- Episode no.: Season 7 Episode 16
- Directed by: Paula Hunziker
- Written by: Maya Goldsmith
- Editing by: Robert Lattanzio
- Production code: 2M7216
- Original air date: May 30, 2017
- Running time: 42 minutes

Guest appearances
- Nicholas Gonzalez as Det. Marco Furey; Jim Titus as Officer Barry Maple; Klea Scott as Jillian Howe; Karis Campbell as commentarist; Brendan Robinson as Lucas Gottesman;

Episode chronology
| ← Previous "In the Eye Abides the Heart" | Next → "Driving Miss Crazy" |
- Pretty Little Liars (season 7)

= The Glove That Rocks the Cradle =

"The Glove That Rocks the Cradle" is the sixteenth episode of the seventh season of Pretty Little Liars, and the show's 156th episode overall, which premiered on the Freeform network in the United States on May 30, 2017. The installment was directed by Paula Hunziker and written by executive producer Maya Goldsmith.

== Plot ==
Spencer (Troian Bellisario) steals a hard drive on Lucas (Brendan Robinson) from Marco's (Nicholas Gonzalez) apartment about Lucas' alibi confession to the police the night Archer was killed. "A.D." sends Aria (Lucy Hale) to destroy Alison (Sasha Pieterse) and Emily's (Shay Mitchell) nursery, while wearing the black "A" hoodie. She almost gets caught by Emily and is forced to flee. In Hanna's (Ashley Benson) turn at the game, A.D. makes her pick up something at the computer repair shop and bring it to Rosewood High School. The Liars have a confrontation with Lucas where he explains to them that he didn't know Charles and Charlotte were the same person, or that Charlotte was “A.” They only stayed friends over email. A second comic book exists and this one depicts turning vengeance into a game. The girls find the nursery and Emily realizes that "A.D." must have a helper who was destroying the nursery while they were at the high school. Aria breaks down in remorse after her plot to destroy the nursery. Meanwhile, Caleb (Tyler Blackburn) and Hanna return to Lucas's loft with the hard drive Hanna picked up based on “A.D.”s instructions. The audio file contains a Patsy Cline song. Hanna remembers that “A” played a different Patsy song back in the Dollhouse. Alison finally admits her feelings to Emily and shares a kiss with her.

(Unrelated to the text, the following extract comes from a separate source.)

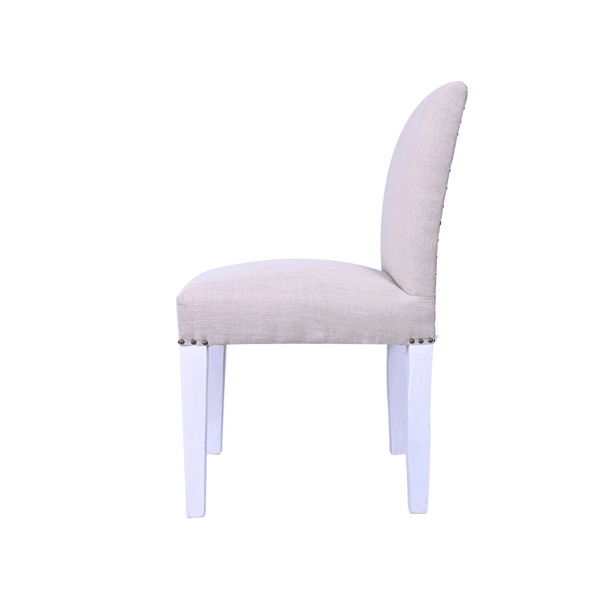 LR Home Classic 03095 White Dining Chair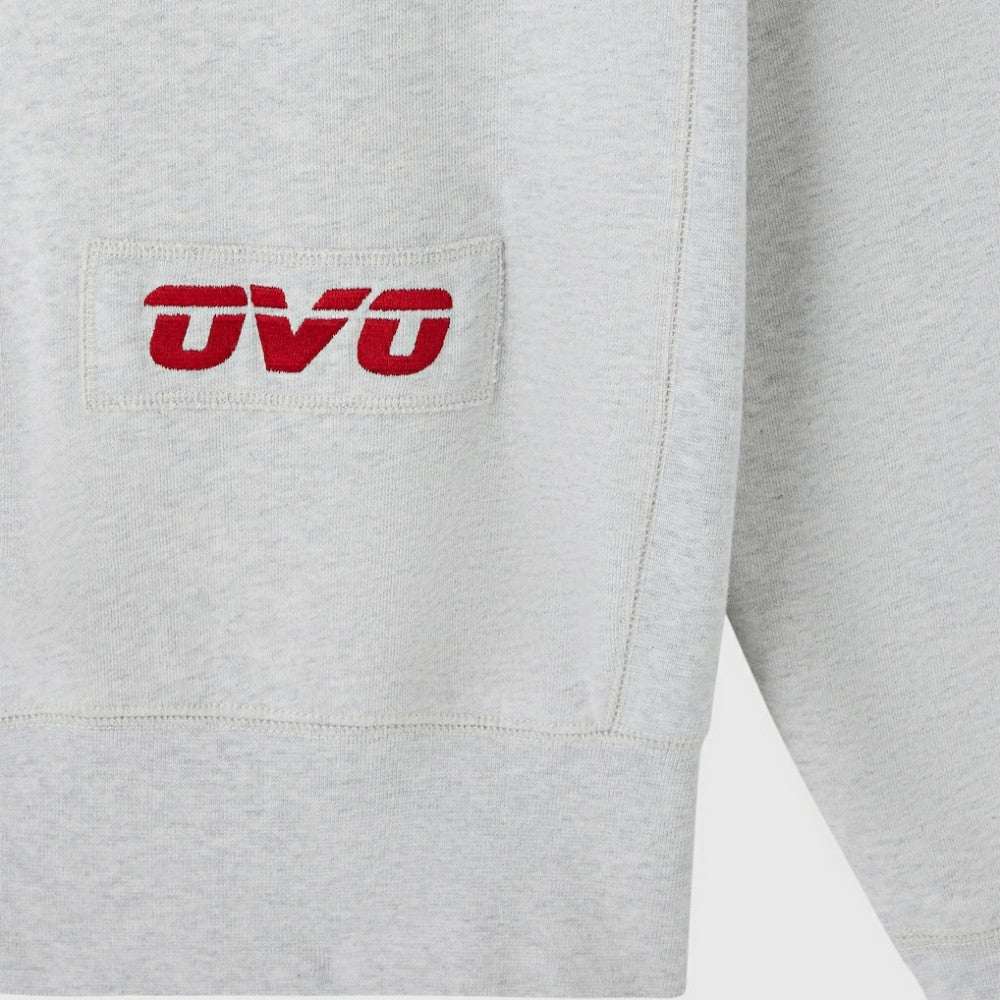 Montreal Canadiens OVO x NHL Fleece Sweatshirt Heather Gray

Meanwhile, "A.D." has the second comic book. They are shown sketching the ending of the comic book. They draw a gravestone and write “Here lies.."

== Production ==
The episode was directed by Paula Hunziker and written by Maya Goldsmith. The table-read occurred on August 22, 2016, while it was filmed between late August and early September 2016 in and around Los Angeles, California, mostly on the backlot of the Warner Bros. studio lot in Burbank.

The score is composed by Michael Suby, who works on the series since the premiere. The episode features the songs 'Who Saved Who by Mindy Smith and Matthew Perryman Jones, "You Belong to Me" by Patsy Cline, and Same Devil by Dave Matthews.

This episode features recurring appearances from Nicholas Gonzalez as Detective Marco Furey, Brendan Robinson as Lucas Gottesman, and Karis Campbell as a commentator. Jim Titus and Klea Scott return for the series in a recurring capacity as Officer Barry Maple and Jillian Howe, respectively.

== Reception ==
=== Ratings ===
"The Glove That Rocks the Cradle" was first broadcast on May 30, 2017, in the United States on Freeform. The episode was watched by 0.90 million Americans and scored a 0.4 Nielsen rating/share in the adults among the 18–49 demographic, ranking in the position number 8; both values were a light increase from the previous episode.